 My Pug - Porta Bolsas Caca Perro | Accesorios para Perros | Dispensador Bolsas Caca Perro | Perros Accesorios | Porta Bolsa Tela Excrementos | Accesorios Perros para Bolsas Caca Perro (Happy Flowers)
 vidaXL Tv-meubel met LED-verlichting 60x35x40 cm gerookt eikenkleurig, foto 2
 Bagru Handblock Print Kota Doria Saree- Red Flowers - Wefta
+===+
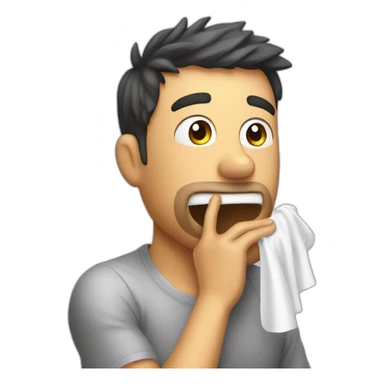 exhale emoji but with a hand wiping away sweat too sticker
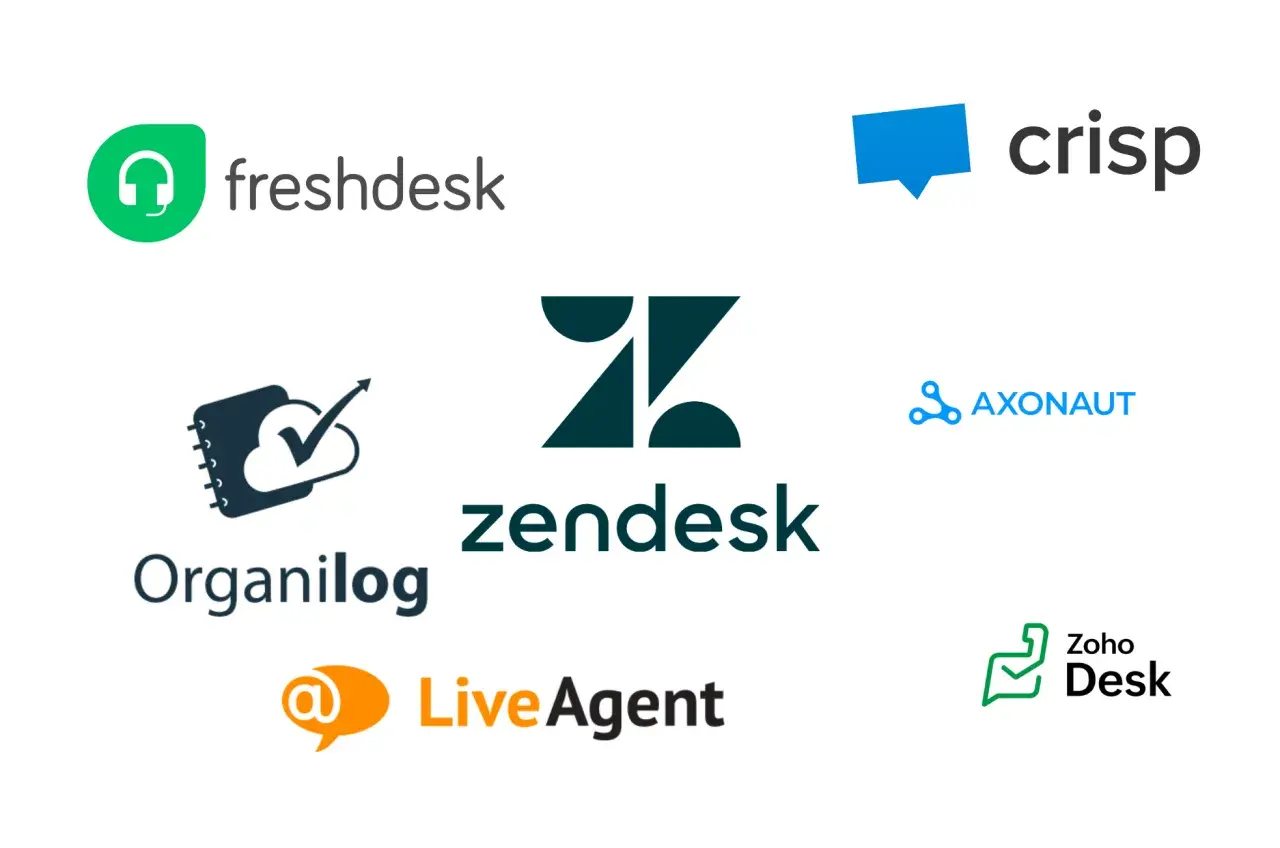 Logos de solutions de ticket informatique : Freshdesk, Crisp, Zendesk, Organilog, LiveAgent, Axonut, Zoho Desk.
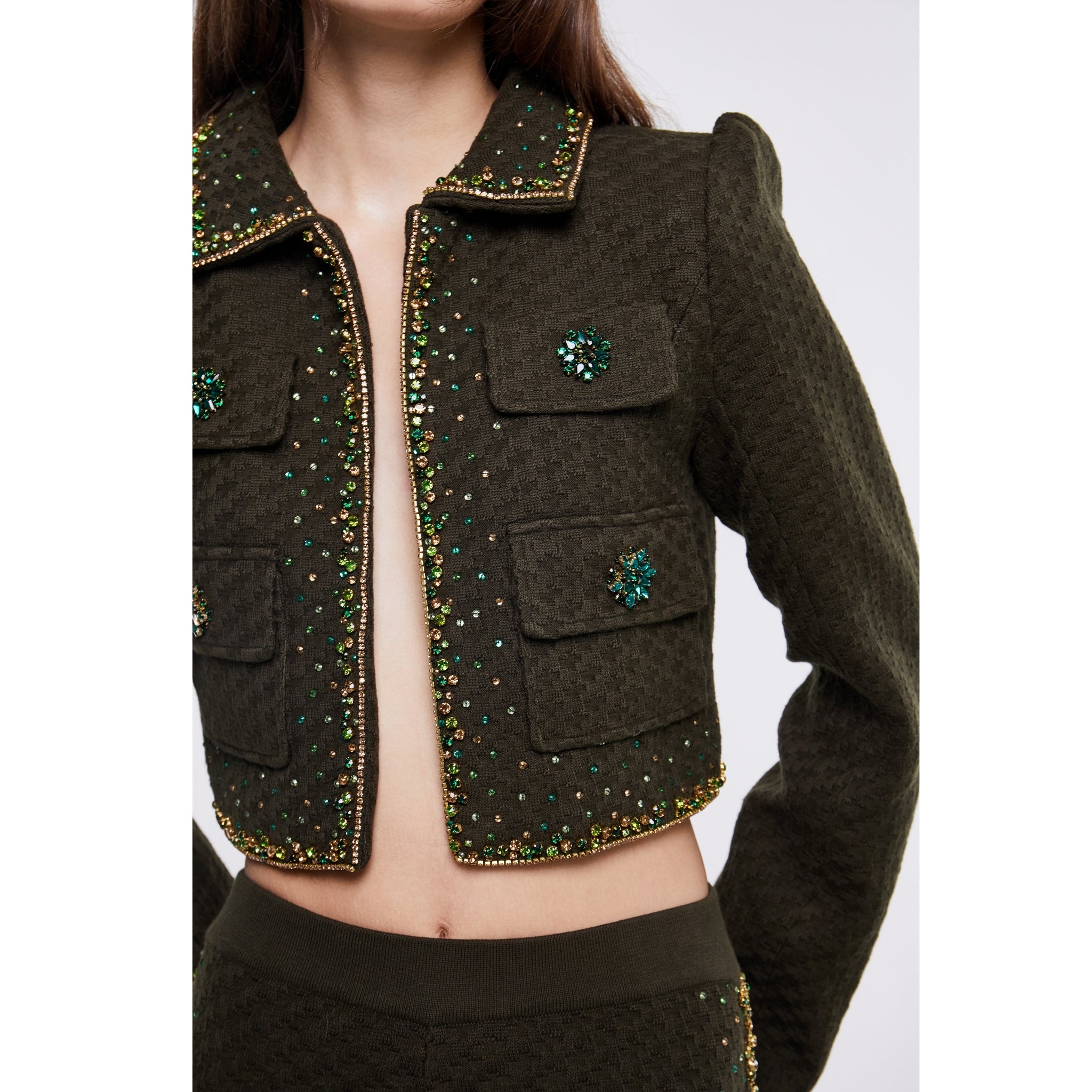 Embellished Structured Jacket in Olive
+===+
### Problem to solve
Where a line of the entries above holds the word "Flowers", return that line.

### Reply
 My Pug - Porta Bolsas Caca Perro | Accesorios para Perros | Dispensador Bolsas Caca Perro | Perros Accesorios | Porta Bolsa Tela Excrementos | Accesorios Perros para Bolsas Caca Perro (Happy Flowers)
 Bagru Handblock Print Kota Doria Saree- Red Flowers - Wefta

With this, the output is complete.